No. Under Article II of the Constitution, the President retains more than sufficient authority to use military force to repel any imminent threats from groups that are not covered by the 2001 AUMF. Such uses of force are common in our nation’s history, and have been used several times in response to terrorist threats. Should a threat rise to the level of armed conflict, Congress has demonstrated ability to act with alacrity to consider force authorization.
The 2001 AUMF is now 12 years old. It was designed for a different threat in a different context. Doesn’t it make sense to update the AUMF to match today’s threat environment?

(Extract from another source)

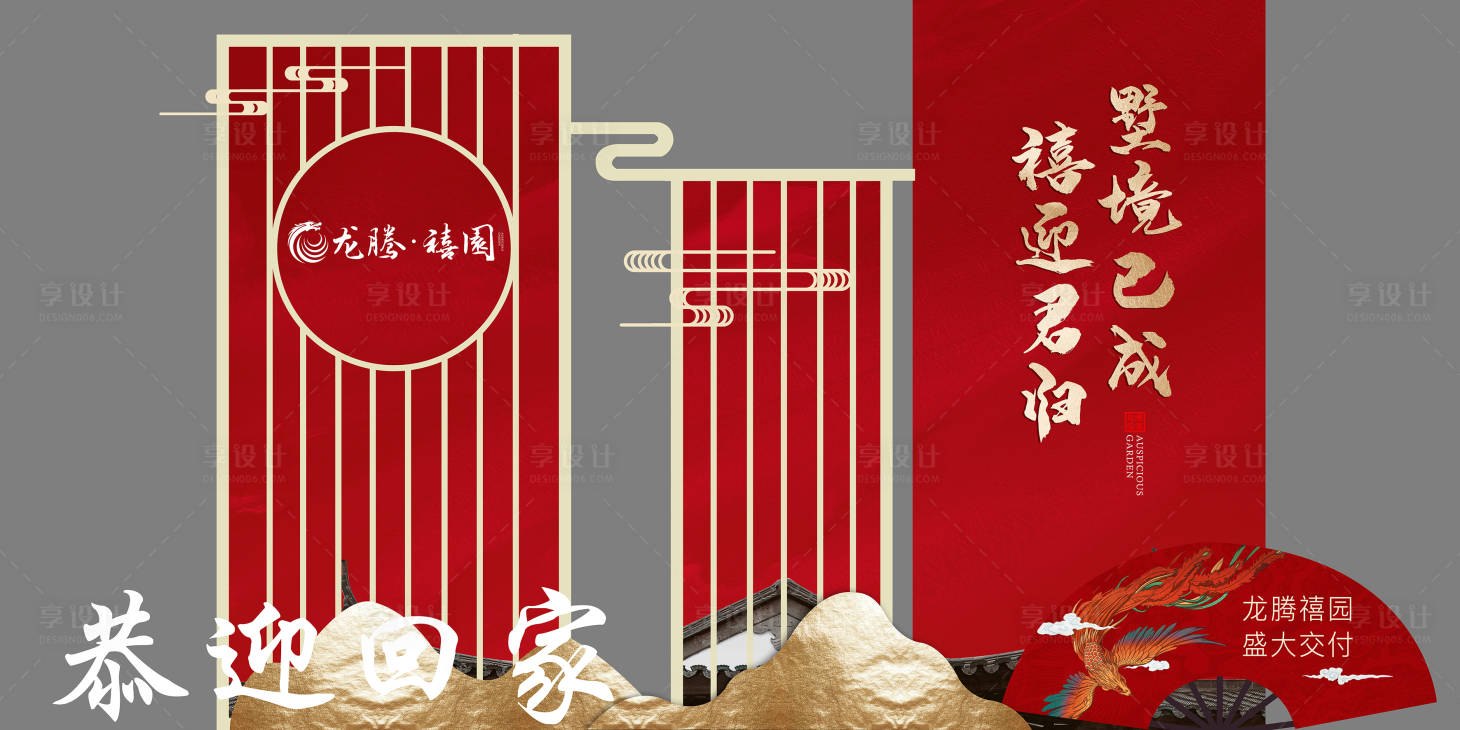 源文件下载【新中式交付美陈】编号：44870019480628057
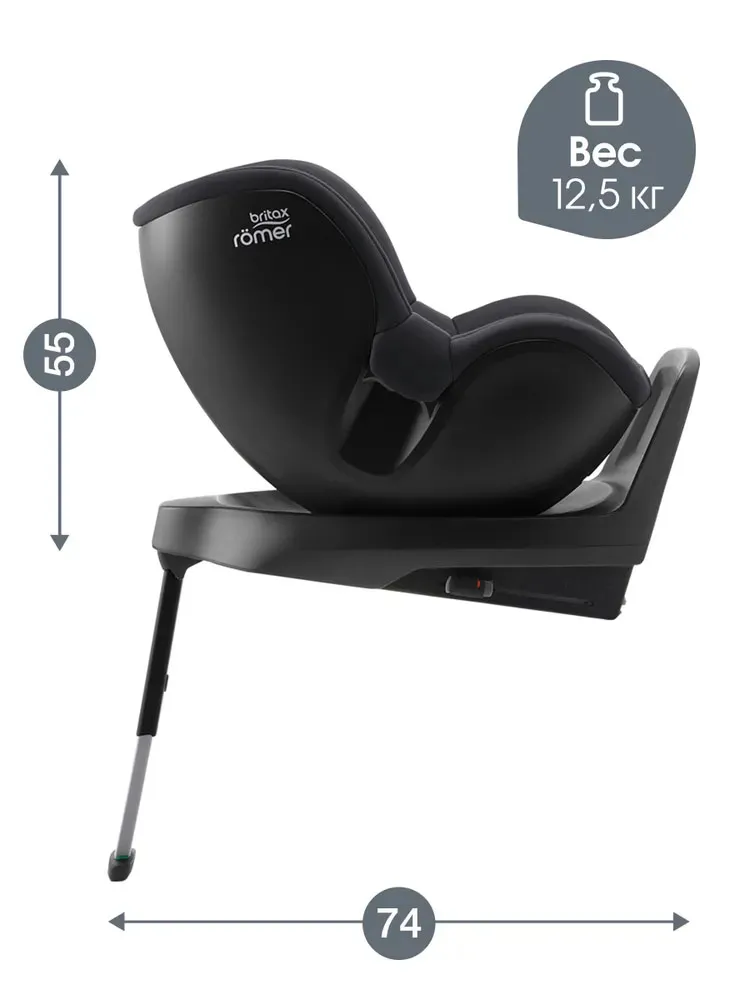 Автокресло 0+/1 Britax Roemer DUALFIX PLUS + вкладыш для комфорта (ПОДАРОК)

Congress has never passed a new AUMF without a request from the President to do so. So far, the President has not made any such request, and in 2011 the White House strongly objected to a new AUMF proposal on grounds that it would re-characterize the scope of the armed conflict and confuse standards governing counterterrorism operations. Congress should only “update” the AUMF if it truly intends to take the nation to war against any groups that the new AUMF would cover. Many so-called “emerging” terrorist threats—such as Boko Haram in Nigeria—have primarily local or regional ambitions and do not pose the same level of threat to the United States that al Qaeda did after the 9/11 attacks. Counterterrorism experts have advised that emerging terrorist threats are best dealt with by local security partners and by prioritizing diplomacy, law enforcement, and intelligence, reserving the use of military force.
Wouldn’t “updating” the 2001 AUMF provide additional congressional oversight and transparency?
Not necessarily. Unlike mechanisms such as the War Powers Resolution, AUMFs delegate substantial authority and discretion to the President to use force without prior congressional approval. Congress has many tools at its disposal—reporting requirements, hearings, funding restrictions, requests for information, etc.—to promote congressional oversight of ongoing executive branch activities, even during times of war. Congress should consider strengthening these tools as they relate to uses of force under the 2001 AUMF.
What are the risks associated with passing a new AUMF?
A new AUMF could provide this or a future administration with authority to engage in prolonged, costly wars without prior congressional approval. A new AUMF could also undermine cooperation with allies who do not support the use of a “war” framework for counterterrorism. Further, if a new AUMF were to extend wartime authorities outside of active zones of combat to groups not engaged in hostilities against the United States, it would risk violating international law.
Would a new AUMF comply with international law?
The answer in part depends on the particulars of any new AUMF. A new AUMF that was directed at “emerging threats” from groups that have not attacked the United States or do not present an imminent threat of attack would not be in compliance with international law for two reasons. First, international law only permits uses of force in self-defense from an armed attack or imminent threat of armed attack. It does not permit pre-emptive uses of force. As former Department of State Legal Adviser Harold Koh has said, “[a new AUMF would not] make actions in preemptive self-defense lawful under international law.” Second, a new AUMF that authorizes wartime activities outside of active zones of combat against groups that are not currently engaged in hostilities with the United States would violate the laws of war (also known as “International Humanitarian Law”) because the laws of war only apply in situations that rise to the level of armed conflict.